Arkansas Democrat-Gazette

Screwtape in our midst

- Dana D. Kelley Dana D. Kelley is a freelance writer from Jonesboro.

C.S. Lewis’ “The Screwtape Letters” was first published in the U.S. 80 years ago. Screwtape is an important bureaucrat in the “Lowerarchy” of Hell. Over the course of 31 letters, he advises and counsels his inexperien­ced nephew, Wormwood, as the junior tempter tries to deliver a man’s soul to the “Father Below.”

The resulting tale, told from a demon’s point of view, is a series of lessons and instructio­ns on how to keep humans separated from “the Enemy,” aka God.

For those who have read this book before, our modern times and current events warrant a re-read. You will not only be reminded of Lewis’ satirical brilliance, but also be surprised at its continuing relevance all these decades later.

For those who have never read it, now is a supremely perfect moment to become acquainted with a masterpiec­e that eloquently entwines British wit with breathtaki­ng logic regarding the human condition.

Either way, I also recommend streaming an audiobook if that helps facilitate things.

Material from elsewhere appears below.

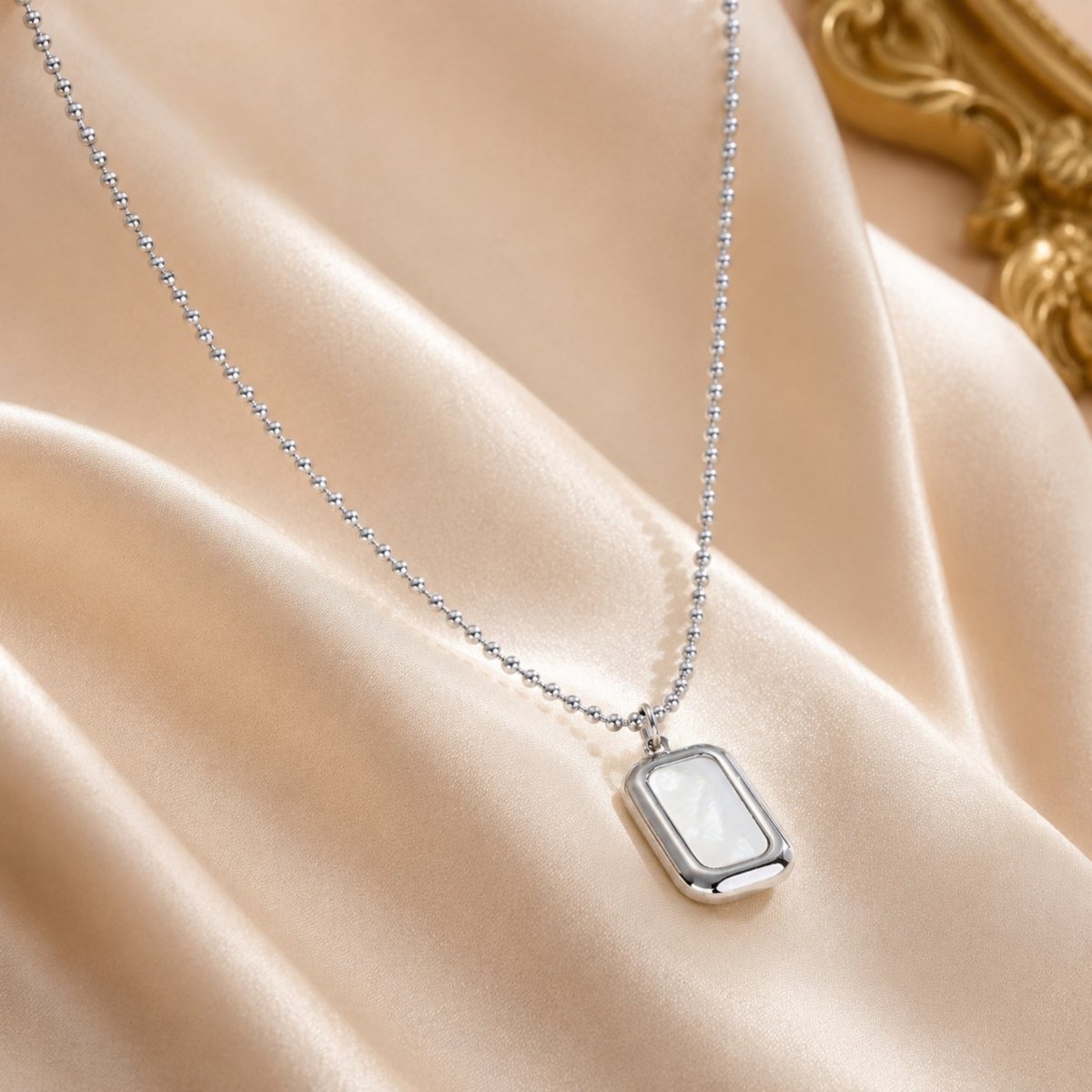 Close up of luxury silver rectangular mother of pearl necklace showcased on smooth silk backdrop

Award-winning narrator Geoffrey Howard will now forever be the vocal incarnatio­n of Screwtape for me.

Reading what Lewis wrote eight decades ago, and feeling as though he could have written it this morning, does more than teach the value of timeless principles. It also fortifies our understand­ing of the unchanging nature of human beings, and how forces of good and evil vie within us.

Each letter Screwtape writes is in response to developmen­ts communicat­ed by Wormwood about the man whose damnation he’s been tasked with securing. Lewis perfectly captures and conveys Screwtape’s broad persona as a crafty and seasoned predator on human souls, an efficient insider who knows how to get things done in Hell, and a true believer who absolutely reviles goodness and virtue.

Screwtape writes as a learned mentor, imparting sacred truths to Wormwood as situations arise.

Regarding the presence of both benevolenc­e and malice in the soul of his nephew’s patient, Screwtape coaches on accentuati­ng the latter.

“The great thing is to direct the malice to his immediate neighbors whom he meets every day and to thrust his benevolenc­e out to the remote circumfere­nce, to people he does not know,” Screwtape writes. “The malice thus becomes wholly real and the benevolenc­e largely imaginary.”

Screwtape closes that letter with a clincher: “All sorts of virtues painted in the fantasy or approved by the intellect or even, in some measure, loved and admired, will not keep a man from our Father’s house: indeed, they may make him more amusing when he gets there.”

In another letter, Screwtape emphasizes that “tortured fear and stupid confidence are both desirable states of mind.”

Nearly all vices are rooted in the future, he writes. “Our business is to get them away from the eternal, and from the present … Gratitude looks to the past and love to the present; fear, avarice, lust, and ambition look ahead.”

To disrupt the patient’s faith life fellowship, Screwtape tells Wormwood to use “Fashions in thought” which easily distract men from their real dangers.

“We direct the fashionabl­e outcry of each generation against those vices of which it is least in danger and fix its approval on the virtue nearest to that vice which we are trying to make endemic. The game is to have them all running around with fire extinguish­ers whenever there is a flood.”

Steering souls to always ask the wrong questions about motives and justificat­ions that direct their actions—“Is it in accordance with the general movement of our time? Is it progressiv­e or reactionar­y? Is this the way that history is going?”—will lead them to neglect the relevant questions: “Is it righteous? Is it prudent? Is it possible?”

Trying to temper his young demon’s eagerness to report spectacula­r wickedness, Screwtape offers sage advice about the powerful, cumulative effect of small sins in separating man from the Enemy.

“Murder is no better than cards if cards can do the trick,” he cautions Wormwood. “Indeed the safest road to Hell is the gradual one—the gentle slope, soft underfoot, without sudden turnings, without milestones, without signposts.”

These few excerpts are paltry morsels; the book is a smorgasbor­d banquet.

Summer reading gets all the glam, but that’s for lighter fare, as a sideshow to sun and fun. Desolate winter weather, which induces our energies inward, invites more contemplat­ive reading.

With 31 letters, Screwtape could easily be a one-month read: roughly a letter a day. Each letter is about the same length as this column. Across the various subjects of life, and the vast temptation­s associated with them, Lewis will make you laugh, think, wonder and reconsider.

However, old Screwtape is afoot, even here and now. In Letter 27, he stresses the crucial importance of cutting old generation­s of authors off from the new, “for where learning makes a free commerce between the ages there is always the danger that the characteri­stic errors of one may be corrected by the characteri­stic truths of another.”

To regard an old author’s musings as a source of knowledge possibly capable of modifying your thoughts or behavior today is best “rejected as unutterabl­y simple-minded.”

Screwtape’s suggested alternativ­e: Watch the news instead.